MATERIAL PROVIDED >>
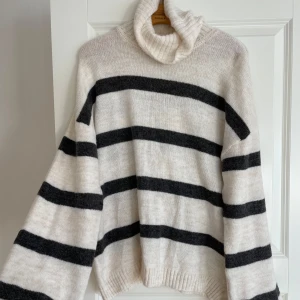 Randig polotröja i svart och vit M oanvänd  - Säljer en mysig randig polotröja i svart och vit. Tröjan har långa ärmar och en bekväm passform med ribbstickade muddar vid ärmslut och nederkant. Perfekt för kyliga dagar!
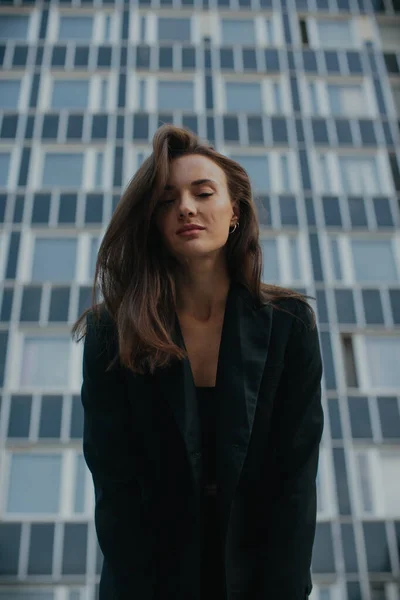 黒のスーツの美しい少女のファッションストリートスタイルの肖像画 美しいブルネットは市内の高層ビルの背景に対してポーズ — ストック写真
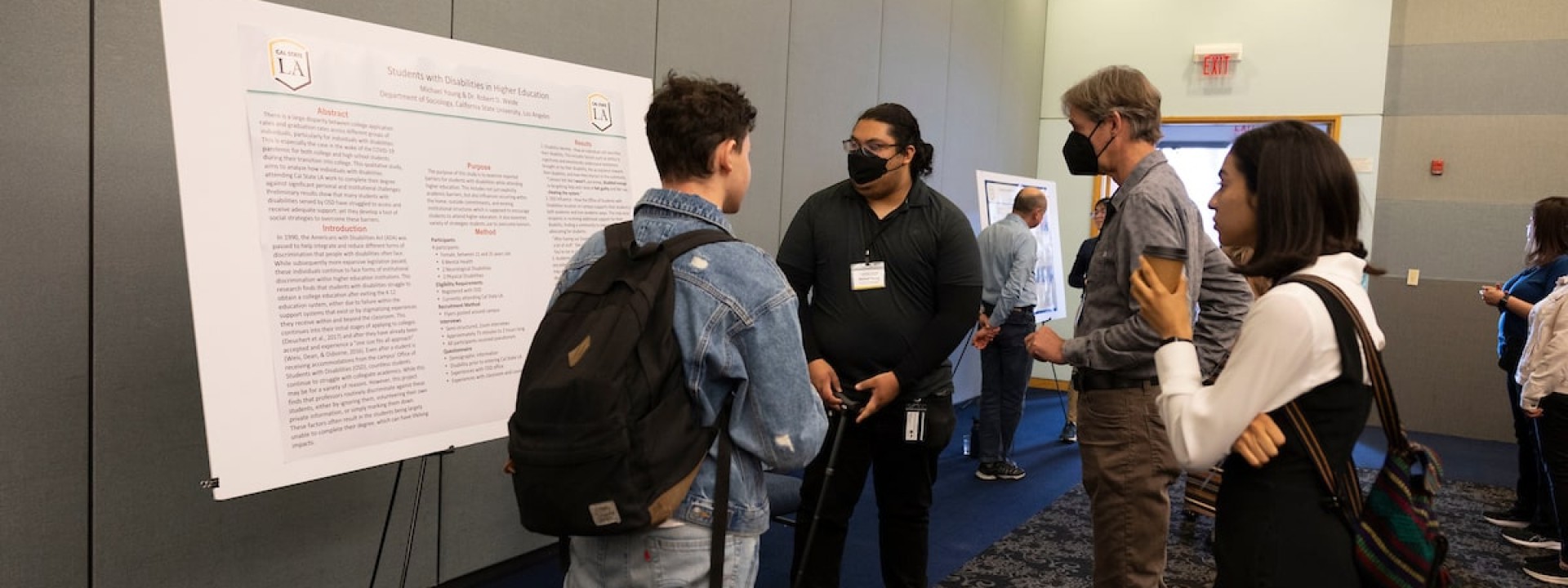 Student with cane presenting research poster to three listeners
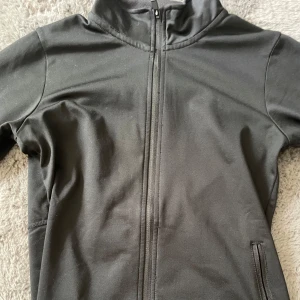 Svart jacka med dragkedja från SOC - Svart jacka från SOC med hel dragkedja framtill och hög krage. Jackan har långa ärmar och praktiska fickor med dragkedja. Perfekt för dig som vill ha en enkel och stilren jacka till vardagen.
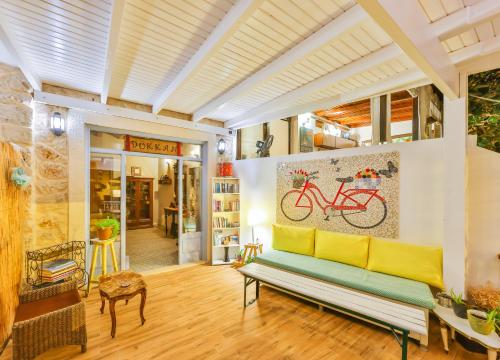 a living room with a bench and a painting of a bike at DuruPduru Kaş in Kas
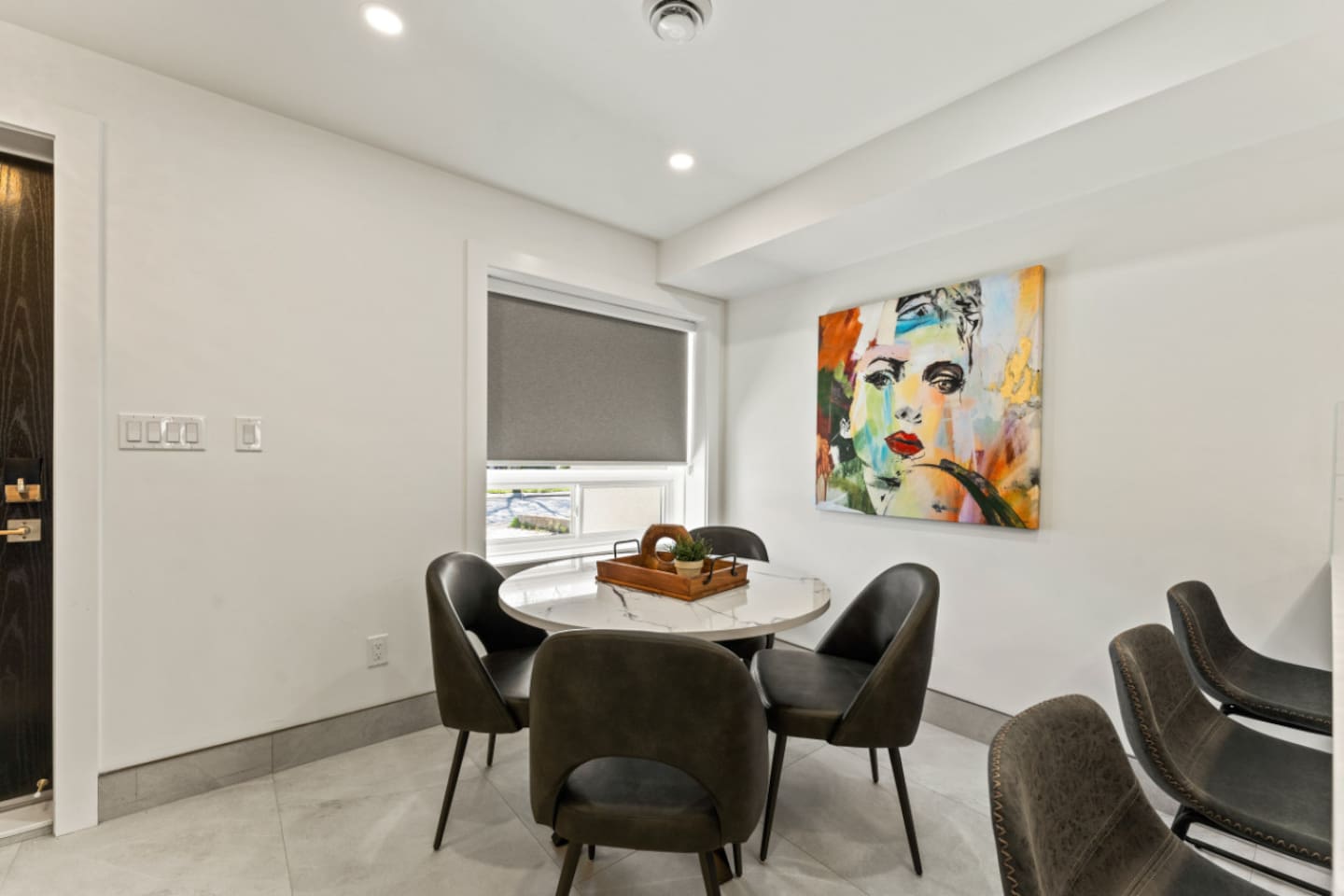 A sleek dining room, with an open kitchen concept for the best dinners.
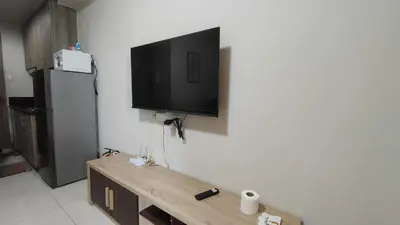a living room with a tv on the wall at Manila Bay Coast Residences 1BR Flat in Manila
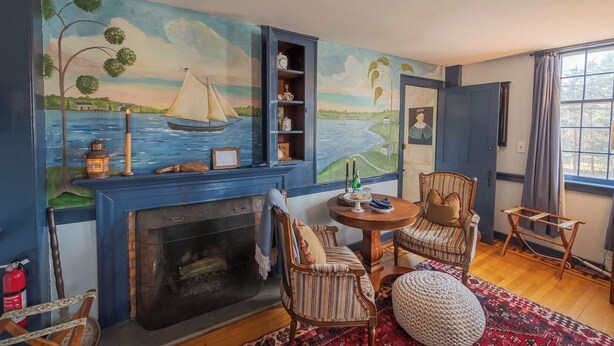 Een gezellige woonkamer met een open haard, een groot schilderij van een zeilboot op het water en uitzicht op de omgeving door een raam.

THE PROBLEM >> Line for line, output the entries above from the line with "黒のスーツの美しい少女のファッションストリートスタイルの肖像画 美しいブルネットは市内の高層ビルの背景に対してポーズ —" to the line with "a living room with a tv", both included, and nothing more. Skip pictures.

FINISHED TASK >>
 黒のスーツの美しい少女のファッションストリートスタイルの肖像画 美しいブルネットは市内の高層ビルの背景に対してポーズ — ストック写真
 Student with cane presenting research poster to three listeners
 Svart jacka med dragkedja från SOC - Svart jacka från SOC med hel dragkedja framtill och hög krage. Jackan har långa ärmar och praktiska fickor med dragkedja. Perfekt för dig som vill ha en enkel och stilren jacka till vardagen.
 a living room with a bench and a painting of a bike at DuruPduru Kaş in Kas
 A sleek dining room, with an open kitchen concept for the best dinners.
a living room with a tv on the wall at Manila Bay Coast Residences 1BR Flat in Manila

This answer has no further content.